Scandinavian Class Collaboration: A Balanced Application
Scandinavian countries offer a living example of applying Darwin’s insights correctly, balancing competition and cooperation through class collaboration. This approach is not just policy but a cultural ethos, yielding tangible results.
In Sweden, about 90% of workers benefit from collective bargaining agreements, where unions and employers jointly set wages. This minimises strikes and results in a Gini coefficient of 0.28, indicating low inequality. Denmark’s “flexicurity” model pairs business flexibility with strong welfare support, maintaining unemployment around 5.8%. Norway’s sovereign wealth fund, built from oil revenues, benefits all citizens, reflecting shared prosperity. Finland’s education system, consistently top-ranked globally (PISA 2022), ensures equal opportunity for all.

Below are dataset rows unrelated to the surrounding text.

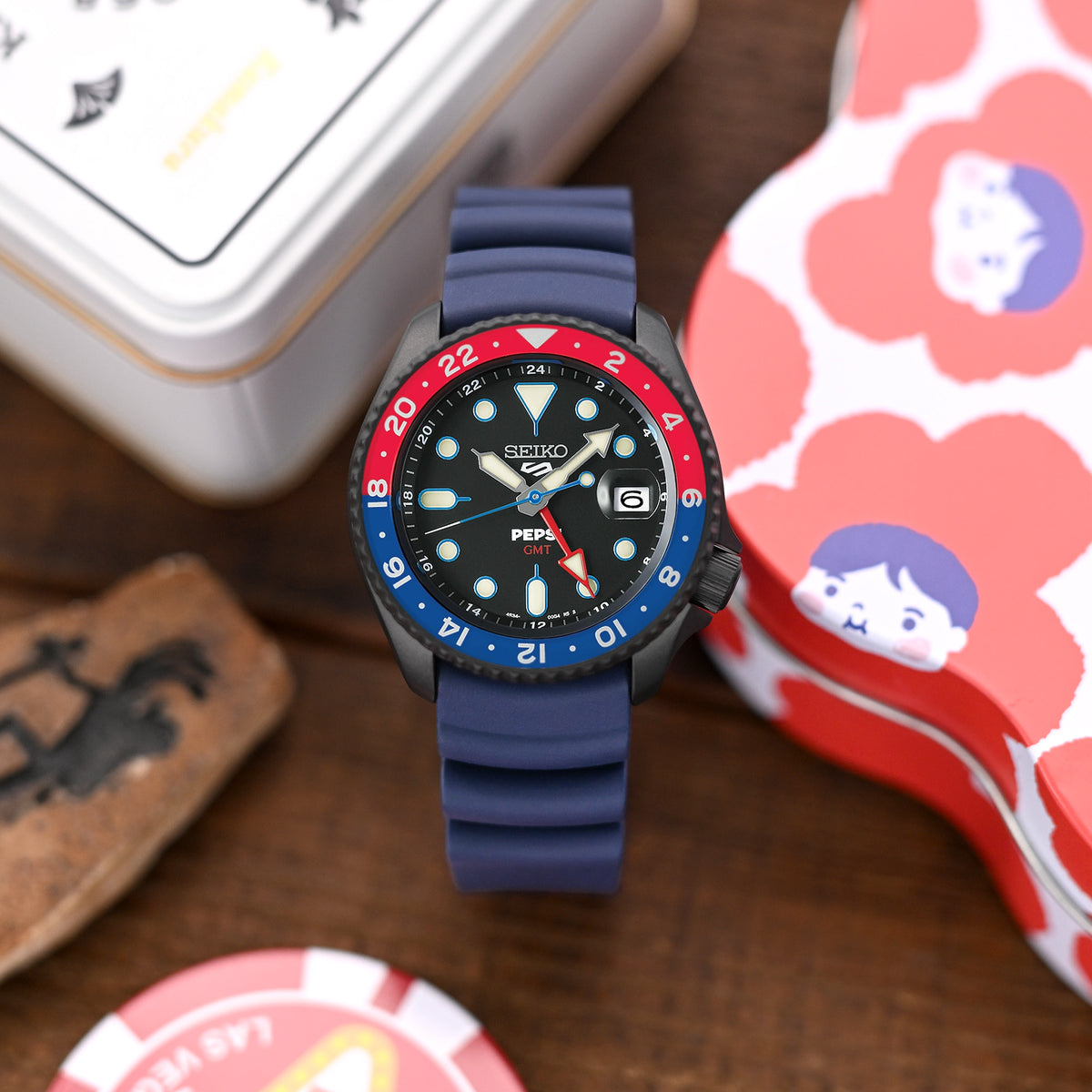 Q.R. Firewave Resilient Curved End FKM rubber Watch Strap, Navy Blue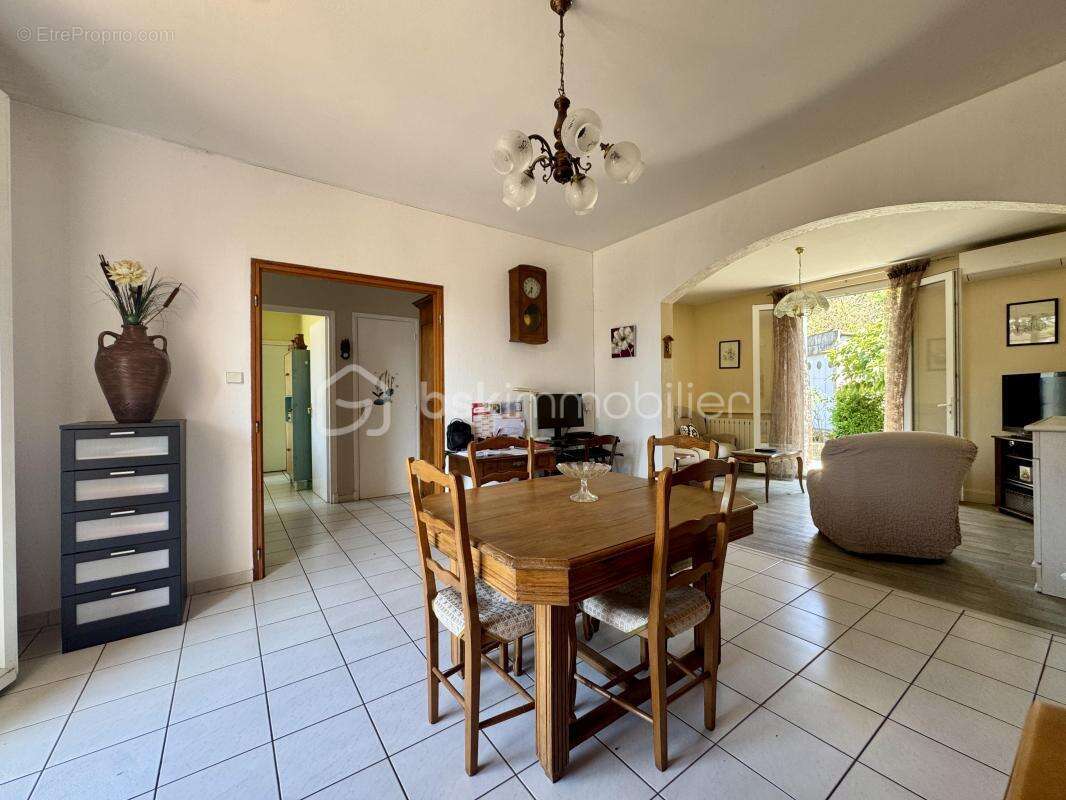 Maison 108m2 habitables 3 chambres avec garages et jardin - photo 8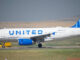 United Airlines pide a todos sus empleados vacunarse o serán despedidos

These outcomes stem from historical choices. In the late nineteenth and early twentieth centuries, leaders like Hjalmar Branting, Sweden’s first social democratic prime minister, prioritised negotiation over revolution. The 1938 Saltsjöbaden Agreement exemplifies this, forging employer-union pacts. Scandinavia’s smaller, cohesive societies, unburdened by rigid aristocracies, fostered trust and compromise—unlike larger nations that veered toward Spencer’s individualism or enforced unity that crushed adaptability.
Kropotkin’s Mutual Aid: A Universal Solution
Pyotr Kropotkin’s Mutual Aid (1902) provides a compelling lens for reinterpreting Darwin. He argued that cooperation, alongside competition, drives evolution—a view contrasting Marx’s conflict focus or Lenin’s top-down control. Kropotkin’s anarchism envisioned voluntary, decentralised collaboration, a model echoed today in Spain’s Mondragon cooperative, where workers own and profit from their enterprise. Broader examples—worker-owned firms, community governance, universal healthcare—reflect ecosystems that support all members, not just the elite. The United States, with a Gini coefficient of 0.41, illustrates the inequality that arises from overemphasising competition.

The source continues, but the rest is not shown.